Community Associations:
The "Immunity" Myth

Some states have provided "blanket" immunity to directors and officers of nonprofit organizations, while others have provided immunity to directors and officers only when their boards have procured certain prescribed minimum limits of Directors & Officers Liability coverage. There is an unfortunate myth circulating - perpetuated by well-meaning, but uninformed individuals - that these state immunity laws effectively shield members of boards of directors of nonprofit organizations from personal liability. The fact is that members of boards of directors can be held liable for decisions made in their capacities as board members in all 50 states, regardless of state immunity legislation.

Immunity legislation passed by many states fails to adequately protect board members against personal liability for the following reasons:

(1) Deprivation of Constitutional Remedy for Injury

Under the federal and state constitutions, citizens are entitled to remedy in a court of law for injuries sustained as the result of another citizen's actions, whether intentional or negligent. When reviewed by various state and federal courts, immunity legislation has often been determined unconstitutional as depriving injured citizens of their constitutional right to remedy.

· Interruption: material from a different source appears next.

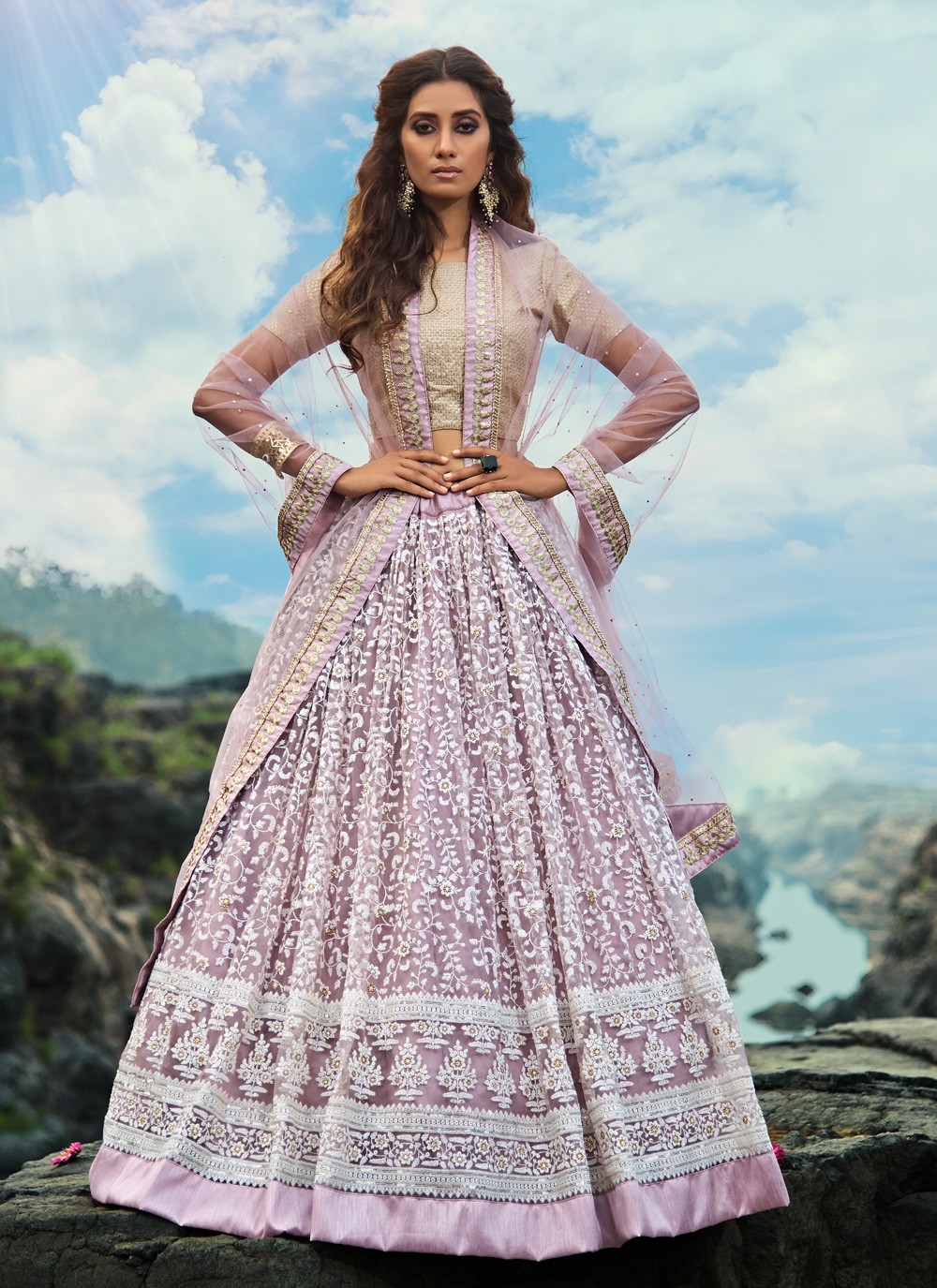 Aggregate more than 150 lehenga choli dress photo best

(2) The Supremacy Clause in the Federal Constitution

The Supremacy Clause of the United States Constitution states that federal laws take supremacy over state laws. Therefore, to circumvent state immunity laws, a plaintiff seeking remedy against a member of a board of directors, the board itself, or its property manager would merely need to bring his or her lawsuit in federal court, as opposed to state court. States cannot immunize individuals or entities (like associations) against federal laws.

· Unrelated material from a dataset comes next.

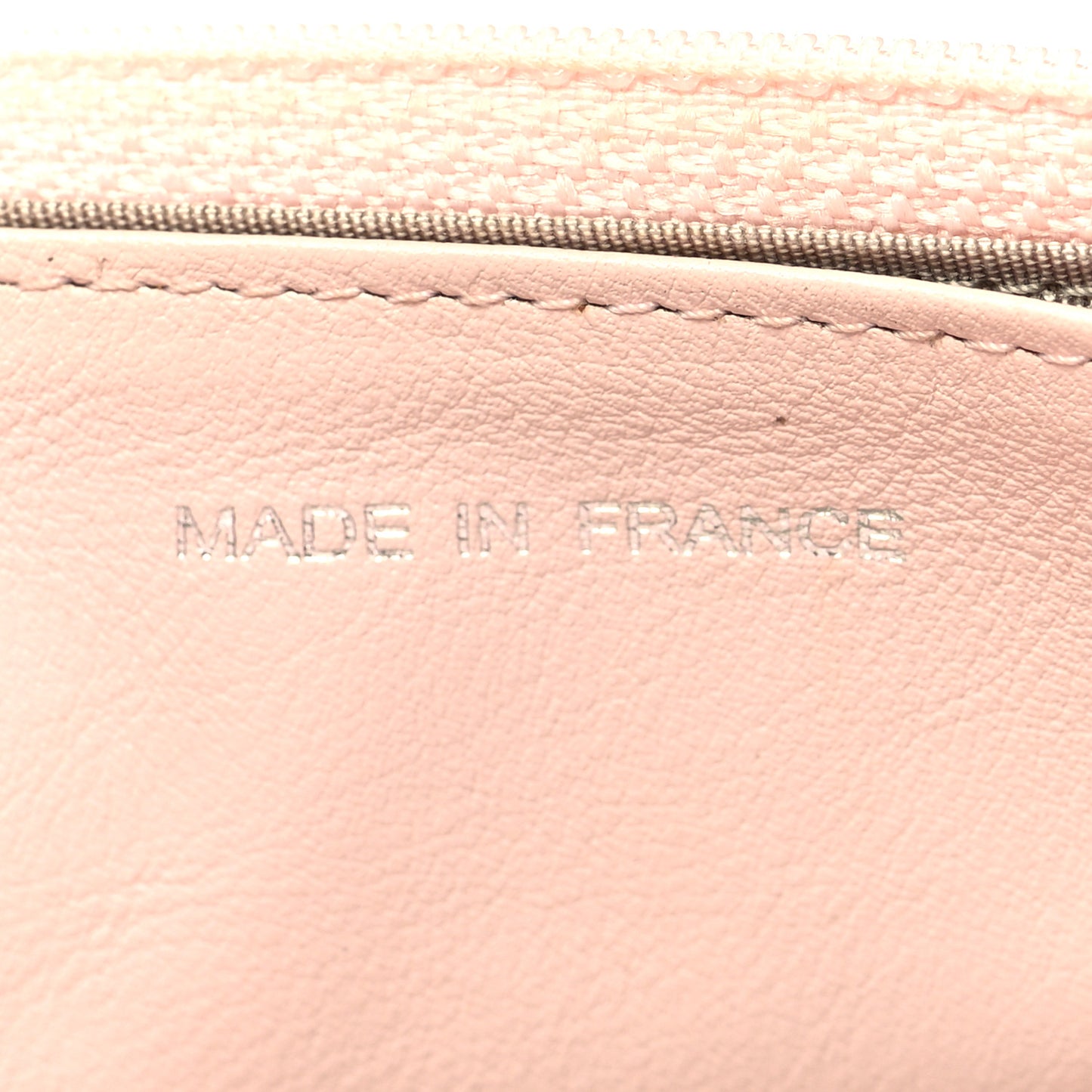Caviar Sevruga Wallet on Chain WOC Pink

An example might be helpful:

Peter Pecker, president of Association "A," does not like Purple People. John Janitor is the maintenance person at Association "A"; he is also a Purple Person. Peter Pecker terminates the employment of John Janitor not because of John Janitor's incompetence, but, rather, because John Janitor is a Purple Person. Peter Pecker has consulted with his local attorney about personal liability. His local attorney advises him that State X, in which he lives, has passed a law stating that if an association purchases $2,000,000 limits of Directors & Officers Liability, no member of the board of directors can be held personally liable. Peter Pecker relies on that advice. Rather than bringing a lawsuit for wrongful termination as a result of discrimination under state law, John Janitor sues Peter Pecker, president of Association "A," the property manager of Association "A," and the board of directors of Association "A" under Title VII of the Civil Rights Act of 1964, a federal law. That law states that no employment decision may be made solely or primarily based on race, ethnicity, religious beliefs, or sex. By suing under federal law, John Janitor has completely circumvented State X's immunity legislation. As such, State X's immunity legislation becomes relatively useless.

(3) No Insulation for Gross Negligence or Wanton Behavior

State immunity legislation often provides no protection against personal liability for acts deemed to be "grossly negligent," "wanton," or "reckless." These terms are vague and subject to the interpretation of the courts. Coupled with the fact that courts typically endeavor to find remedy for injured plaintiffs, a precarious situation results for board members. If no deep pockets are readily available, i.e.- an insurance company, a court might determine an act of a board to be "grossly negligent," "wanton," or "reckless," even though most people would not consider it to be such. Once an act is deemed to be "reckless," or the like, a plaintiff is home free to seek remedy against the personal assets of affluent board members. A court that declares a board action to be "reckless" neuters state immunity laws.

(4) Despite Immunity, Defense Costs

State immunity laws, even if they withstand constitutional scrutiny, cannot protect a defendant against a lawsuit. A board of directors that is sued must still provide a defense, i.e.- incur defense costs. While a plaintiff might not be permitted to attach the personal assets of the board members, the board must still hire an attorney to defend itself. Proving one's righteousness is often a costly endeavor. In fact, defense costs constitute the majority of claims cost. Without broad coverage, and high limits, the defense costs would be borne by an association.